┌────────

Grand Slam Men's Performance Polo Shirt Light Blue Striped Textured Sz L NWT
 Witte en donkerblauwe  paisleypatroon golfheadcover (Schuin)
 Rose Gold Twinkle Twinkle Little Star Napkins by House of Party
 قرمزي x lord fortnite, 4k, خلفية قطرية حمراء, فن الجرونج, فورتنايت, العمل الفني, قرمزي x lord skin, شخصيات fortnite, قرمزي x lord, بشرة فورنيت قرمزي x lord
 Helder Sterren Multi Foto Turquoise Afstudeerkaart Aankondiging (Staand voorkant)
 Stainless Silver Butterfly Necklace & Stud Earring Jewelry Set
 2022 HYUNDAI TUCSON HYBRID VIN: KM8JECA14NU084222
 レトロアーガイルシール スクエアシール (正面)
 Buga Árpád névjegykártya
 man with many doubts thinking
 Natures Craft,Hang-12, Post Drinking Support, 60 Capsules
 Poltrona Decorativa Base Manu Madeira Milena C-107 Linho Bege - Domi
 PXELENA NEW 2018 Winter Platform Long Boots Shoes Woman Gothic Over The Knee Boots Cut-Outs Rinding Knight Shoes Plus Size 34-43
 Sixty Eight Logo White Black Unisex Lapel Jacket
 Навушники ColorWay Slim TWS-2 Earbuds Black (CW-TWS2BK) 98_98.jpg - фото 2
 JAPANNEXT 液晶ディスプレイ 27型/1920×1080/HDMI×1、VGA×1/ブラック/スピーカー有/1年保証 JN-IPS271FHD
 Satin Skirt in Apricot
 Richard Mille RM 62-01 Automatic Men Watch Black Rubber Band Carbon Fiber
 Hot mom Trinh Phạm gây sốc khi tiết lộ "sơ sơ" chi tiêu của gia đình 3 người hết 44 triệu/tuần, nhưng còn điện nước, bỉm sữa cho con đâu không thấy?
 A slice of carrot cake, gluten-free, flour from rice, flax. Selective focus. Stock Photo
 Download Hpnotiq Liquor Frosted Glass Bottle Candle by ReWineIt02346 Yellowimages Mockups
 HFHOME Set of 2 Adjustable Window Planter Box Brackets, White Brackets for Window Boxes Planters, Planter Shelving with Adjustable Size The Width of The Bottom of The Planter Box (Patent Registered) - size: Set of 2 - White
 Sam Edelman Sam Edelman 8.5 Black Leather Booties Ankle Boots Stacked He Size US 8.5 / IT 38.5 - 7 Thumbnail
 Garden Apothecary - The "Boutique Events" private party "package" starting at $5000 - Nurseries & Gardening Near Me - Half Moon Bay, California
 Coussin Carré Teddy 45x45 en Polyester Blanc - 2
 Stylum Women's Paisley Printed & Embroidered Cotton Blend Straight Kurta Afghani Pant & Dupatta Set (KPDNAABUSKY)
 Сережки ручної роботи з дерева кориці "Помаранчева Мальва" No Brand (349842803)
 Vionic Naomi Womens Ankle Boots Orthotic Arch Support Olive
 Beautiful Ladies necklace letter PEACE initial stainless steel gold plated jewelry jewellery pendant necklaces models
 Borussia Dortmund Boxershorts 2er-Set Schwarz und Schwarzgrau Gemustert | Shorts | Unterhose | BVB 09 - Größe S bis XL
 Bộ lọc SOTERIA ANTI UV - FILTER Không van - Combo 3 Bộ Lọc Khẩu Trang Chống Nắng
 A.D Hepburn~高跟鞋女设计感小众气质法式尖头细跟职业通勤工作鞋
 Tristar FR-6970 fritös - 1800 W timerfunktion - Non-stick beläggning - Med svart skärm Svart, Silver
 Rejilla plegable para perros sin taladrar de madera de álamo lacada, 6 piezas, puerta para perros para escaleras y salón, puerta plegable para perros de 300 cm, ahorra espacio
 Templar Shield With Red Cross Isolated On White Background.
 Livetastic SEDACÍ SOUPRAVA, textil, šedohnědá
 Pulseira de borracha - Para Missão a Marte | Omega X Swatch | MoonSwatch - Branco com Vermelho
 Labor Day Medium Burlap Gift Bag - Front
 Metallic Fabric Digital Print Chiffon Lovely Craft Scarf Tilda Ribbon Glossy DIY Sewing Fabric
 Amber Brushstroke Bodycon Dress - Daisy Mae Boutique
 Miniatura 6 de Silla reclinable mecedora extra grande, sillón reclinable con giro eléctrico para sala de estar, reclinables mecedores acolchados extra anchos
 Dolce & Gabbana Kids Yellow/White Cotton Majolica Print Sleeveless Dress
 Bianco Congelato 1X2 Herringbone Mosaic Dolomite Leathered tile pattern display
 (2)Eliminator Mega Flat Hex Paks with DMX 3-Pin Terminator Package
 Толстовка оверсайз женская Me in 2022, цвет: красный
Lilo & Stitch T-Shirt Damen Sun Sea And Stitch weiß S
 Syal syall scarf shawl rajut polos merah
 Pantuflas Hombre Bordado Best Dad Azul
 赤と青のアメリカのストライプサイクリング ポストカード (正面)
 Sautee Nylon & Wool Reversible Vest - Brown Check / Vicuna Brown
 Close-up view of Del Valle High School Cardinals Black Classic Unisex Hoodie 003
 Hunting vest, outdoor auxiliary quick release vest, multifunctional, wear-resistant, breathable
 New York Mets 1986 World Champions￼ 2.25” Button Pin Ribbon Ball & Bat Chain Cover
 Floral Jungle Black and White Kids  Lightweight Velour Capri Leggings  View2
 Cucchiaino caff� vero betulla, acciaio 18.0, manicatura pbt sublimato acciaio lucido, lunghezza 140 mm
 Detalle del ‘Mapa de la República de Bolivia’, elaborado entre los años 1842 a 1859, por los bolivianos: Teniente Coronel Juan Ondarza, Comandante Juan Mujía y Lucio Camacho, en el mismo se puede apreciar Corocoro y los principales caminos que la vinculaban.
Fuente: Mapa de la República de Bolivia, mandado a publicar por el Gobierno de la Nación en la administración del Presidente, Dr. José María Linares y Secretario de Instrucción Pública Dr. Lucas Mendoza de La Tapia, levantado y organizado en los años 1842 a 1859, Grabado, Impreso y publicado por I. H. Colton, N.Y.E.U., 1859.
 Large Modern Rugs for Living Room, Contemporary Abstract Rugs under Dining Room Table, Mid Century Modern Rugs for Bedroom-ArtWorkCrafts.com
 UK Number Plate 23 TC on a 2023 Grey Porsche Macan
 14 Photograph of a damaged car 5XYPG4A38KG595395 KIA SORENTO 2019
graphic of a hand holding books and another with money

└────────

— Your instructions —
Output exactly the lines of the material above from the one containing "2022 HYUNDAI TUCSON" up to and including the one containing "A.D Hepburn~高跟鞋女设计感小众气质法式尖头细跟职业通勤工作鞋".

— Written response —
 2022 HYUNDAI TUCSON HYBRID VIN: KM8JECA14NU084222
 レトロアーガイルシール スクエアシール (正面)
 Buga Árpád névjegykártya
 man with many doubts thinking
 Natures Craft,Hang-12, Post Drinking Support, 60 Capsules
 Poltrona Decorativa Base Manu Madeira Milena C-107 Linho Bege - Domi
 PXELENA NEW 2018 Winter Platform Long Boots Shoes Woman Gothic Over The Knee Boots Cut-Outs Rinding Knight Shoes Plus Size 34-43
 Sixty Eight Logo White Black Unisex Lapel Jacket
 Навушники ColorWay Slim TWS-2 Earbuds Black (CW-TWS2BK) 98_98.jpg - фото 2
 JAPANNEXT 液晶ディスプレイ 27型/1920×1080/HDMI×1、VGA×1/ブラック/スピーカー有/1年保証 JN-IPS271FHD
 Satin Skirt in Apricot
 Richard Mille RM 62-01 Automatic Men Watch Black Rubber Band Carbon Fiber
 Hot mom Trinh Phạm gây sốc khi tiết lộ "sơ sơ" chi tiêu của gia đình 3 người hết 44 triệu/tuần, nhưng còn điện nước, bỉm sữa cho con đâu không thấy?
 A slice of carrot cake, gluten-free, flour from rice, flax. Selective focus. Stock Photo
 Download Hpnotiq Liquor Frosted Glass Bottle Candle by ReWineIt02346 Yellowimages Mockups
 HFHOME Set of 2 Adjustable Window Planter Box Brackets, White Brackets for Window Boxes Planters, Planter Shelving with Adjustable Size The Width of The Bottom of The Planter Box (Patent Registered) - size: Set of 2 - White
 Sam Edelman Sam Edelman 8.5 Black Leather Booties Ankle Boots Stacked He Size US 8.5 / IT 38.5 - 7 Thumbnail
 Garden Apothecary - The "Boutique Events" private party "package" starting at $5000 - Nurseries & Gardening Near Me - Half Moon Bay, California
 Coussin Carré Teddy 45x45 en Polyester Blanc - 2
 Stylum Women's Paisley Printed & Embroidered Cotton Blend Straight Kurta Afghani Pant & Dupatta Set (KPDNAABUSKY)
 Сережки ручної роботи з дерева кориці "Помаранчева Мальва" No Brand (349842803)
 Vionic Naomi Womens Ankle Boots Orthotic Arch Support Olive
 Beautiful Ladies necklace letter PEACE initial stainless steel gold plated jewelry jewellery pendant necklaces models
 Borussia Dortmund Boxershorts 2er-Set Schwarz und Schwarzgrau Gemustert | Shorts | Unterhose | BVB 09 - Größe S bis XL
 Bộ lọc SOTERIA ANTI UV - FILTER Không van - Combo 3 Bộ Lọc Khẩu Trang Chống Nắng
 A.D Hepburn~高跟鞋女设计感小众气质法式尖头细跟职业通勤工作鞋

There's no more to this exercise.